Au début de la seconde partie, Hanna part dans le désert accompagnée de Katja, la jeune femme dont elle a pris la défense. Son objectif un peu flou est d'aller au-delà du silence, au-delà du désert et de revenir au port où elle a débarquée. Elles trouvent un jeune noir supplicié qu'elles sauvent d'une mort certaine, Kahapa, qui les rejoint dans leur périple. D'autres membres s'agrégeront à leur groupe qui sème la mort dans le désert, pour assurer sa propre survie. Ils s'attaquent avec succès à une unité de soldats puis à des fortins de l'armée allemande. Hanna ressemble à l'héroïne qui a tant marqué son enfance : Jeanne d'Arc ; elle est à la tête de sa petite armée, courageuse, victorieuse, en guerre contre la violence d'une armée qui s'en prend aux noirs et aux femmes, qui les chosifient et les maltraitent. de nombreux membres du groupe perdent la vie. Seules Hanna et Katja arrivent à Windhoek. Hanna parvient à obtenir un rendez-vous avec l'officier qui a ordonné son supplice. Elle l'humilie devant la foule mais, croisant le regard d'une petite fille, elle décide de ne pas l'exécuter. Elle a obtenu sa vengeance, sa haine n'a plus lieu d'être.
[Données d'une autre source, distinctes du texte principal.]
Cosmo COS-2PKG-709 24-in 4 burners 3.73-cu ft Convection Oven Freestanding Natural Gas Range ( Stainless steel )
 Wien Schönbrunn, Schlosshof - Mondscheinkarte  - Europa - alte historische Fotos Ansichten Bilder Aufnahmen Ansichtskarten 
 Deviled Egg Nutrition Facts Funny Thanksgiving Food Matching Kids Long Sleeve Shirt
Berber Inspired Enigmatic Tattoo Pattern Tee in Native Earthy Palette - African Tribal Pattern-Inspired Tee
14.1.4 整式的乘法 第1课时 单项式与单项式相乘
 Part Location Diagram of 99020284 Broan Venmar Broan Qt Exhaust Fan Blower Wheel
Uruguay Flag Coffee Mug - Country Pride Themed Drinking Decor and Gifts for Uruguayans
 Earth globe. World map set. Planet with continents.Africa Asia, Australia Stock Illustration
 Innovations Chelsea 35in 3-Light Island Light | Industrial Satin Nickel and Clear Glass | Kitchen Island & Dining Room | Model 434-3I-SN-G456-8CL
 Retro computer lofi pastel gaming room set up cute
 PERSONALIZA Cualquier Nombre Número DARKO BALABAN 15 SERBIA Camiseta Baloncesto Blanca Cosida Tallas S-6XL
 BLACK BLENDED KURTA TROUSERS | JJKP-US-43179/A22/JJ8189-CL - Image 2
Orpheline, officiellement inexistante (toutes les archives allemandes la concernant ont disparu pendant la seconde guerre mondiale), déclarée morte par erreur lors de la traversée, bannie par l'Empire, Hanna X est une anonyme, une inconnue qui représente toutes les victimes de la colonisation de cette période. le silence, c'est celui du désert, celui de cette femme muette, de cette existence tout à la fois tragique et commune qui aurait dû être oubliée de tous. Par son épopée, grâce à sa vindicte, Hanna rend visible sa condition de femme, expose aux yeux de tous l'outrage accompli sur son corps et sur celui de toutes femmes envoyées dans le Sud-ouest-Africain. Les desseins d'Hanna et d'André Brink se confondent. L'auteur parvient à mettre en lumière cette période tragique de l'Histoire, ignorée par la plupart d'entre nous.
Hanna et son groupe mènent aussi une lutte d'émancipation contre le patriarcat et le colonialisme. Ils répondent à la violence de l'Empire par la violence. Leur résistance à cette oppression organisée leur permet d'exister, d'être visibles et audibles.

« Au-delà du silence » est un roman très dur. Certains passages sont magnifiquement écrits. André Brink parvient à condenser en une existence toute la cruauté d'une époque et la sortir ainsi du silence.Il est proche par son thème de deux romans célèbres "mille femmes blanches" de Jim Fergus et "Certaines n'avaient jamais vu la mer" de Julie Otsuka.